The Top 10 Mad Scientists

The Top 10 Mad Scientists

Albert Einstein

Albert Einstein

He's certainly got the mad scientist hair thing down. One of the last century's most celebrated scientists, Albert Einstein turned physics on its head with his theories of relativity, and made enormous contributions to the fields of gravitation and quantum theory. He also liked to take his sailboat out on the water on windless days, "just for the challenge."

Leonardo da Vinci

Leonardo da Vinci

Between painting the most revered masterpieces of Renaissance art, Leonardo da Vinci somehow still found time to tap into his inner eccentric. The Italian's scientific sketchbooks, most written in mirror-image cursive, are a fantasyland of oddball machines and brilliant designs, many which would never come to fruition and some that would be built many centuries later, like his rudimentary helicopter.

Nikola Tesla

Nikola Tesla

(Image credit: Napoleon Sarony, Public Domain)

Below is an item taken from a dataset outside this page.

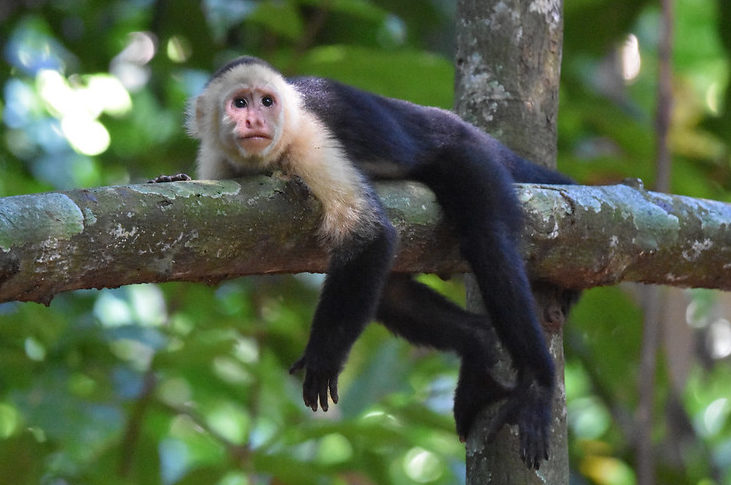 White-faced Capuchin Dominical Costa Rica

This is the guy you picture pulling down a giant electric switch in a shower of fiery sparks. Tesla, who is credited with the invention of the wireless radio and the AC generator that kick-started the electrical age was even born, fittingly, during a violent lightning storm in 1856. He was also known as a manic genius that slept little and loved to put on a good show, often using his own body as a conductor in public demonstrations.

James Lovelock

This modern environmental scientist and inventor of the world-as-superorganism Gaia Hypothesis has been dispensing dire predictions about climate change and our world for decades now, many of which have come true. He's not shy about spreading one ultra-gloomy forecast; given the current ecological crisis, a massive die-off of about 80 percent of humans by 2100 is inevitable, he believes.

Jack Parsons

When Jack Parsons wasn't busy co-founding the Jet Propulsion Laboratory, he was practicing magic and calling himself the Antichrist. This mysterious bad boy of the space program had no formal education, yet still managed to develop a rocket fuel that would guide the United States through WWII and into space. Tragically yet appropriately dramatic, Parsons blew himself up during a lab experiment at his home in 1952.

Richard Feynman

(Image credit: Library of Congress)

Part of the Manhattan Project's team of geniuses that developed the atomic bomb, physicist Richard Feynman went on to become one of the most important scientists of the late 20th century. Far from the stuffy professor type, this free spirit explored music and nature, decoded Mayan hieroglyphics and picked locks in his spare time.

Freeman Dyson

(Image credit: Lumidek)

Respected nuclear physicist and prolific writer Freeman Dyson moonlights as a science fiction writer's dream. In 1960, he touted the idea that in the future humans may need to construct an artificial shell, now called the Dyson Sphere, that would encircle the entire solar system and make maximum use of the sun's energy. Dyson wholeheartedly believes in extraterrestrial life and thinks we'll make contact within the next few decades.

Robert Oppenheimer

The Top 10 Mad Scientists

The Manhattan Project's head honcho was never reserved about his sympathies for socialism and his conflicted feelings over dropping the atomic bombs, and was ultimately stripped of his academic and political power for it. Despite those controversies, he's also remembered as a man his grad students called "Oppie," who learned Dutch and Sanskrit just because, and quoted a Hindu holy text at the sight of the first atomic bomb test.

Wernher von Braun

(Image credit: NASA)

At the age of 12, an intrepid Wernher von Braun loaded his toy wagon with some firecrackers and shot off across a crowded German street. It was a sign of things to come. The brains behind Hitler's V-2 rocket program arrived in the United States as a prisoner of war and went on to be its champion of space and lunar exploration. While putting people on the moon, von Braun also mastered scuba diving and philosophy.

Johann Konrad Dippel

Johann Konrad Dippel

Born and raised in Germany's Castle Frankenstein, 17th-century alchemist Johann Dippel became noted as the inventor of Prussian Blue, one of the first synthetic chemical dyes, but most famous for his endless quest for elixirs of immortality. Rumors of his experiments on human corpses may have inspired Mary Shelley's legendary character that bore the castle's name.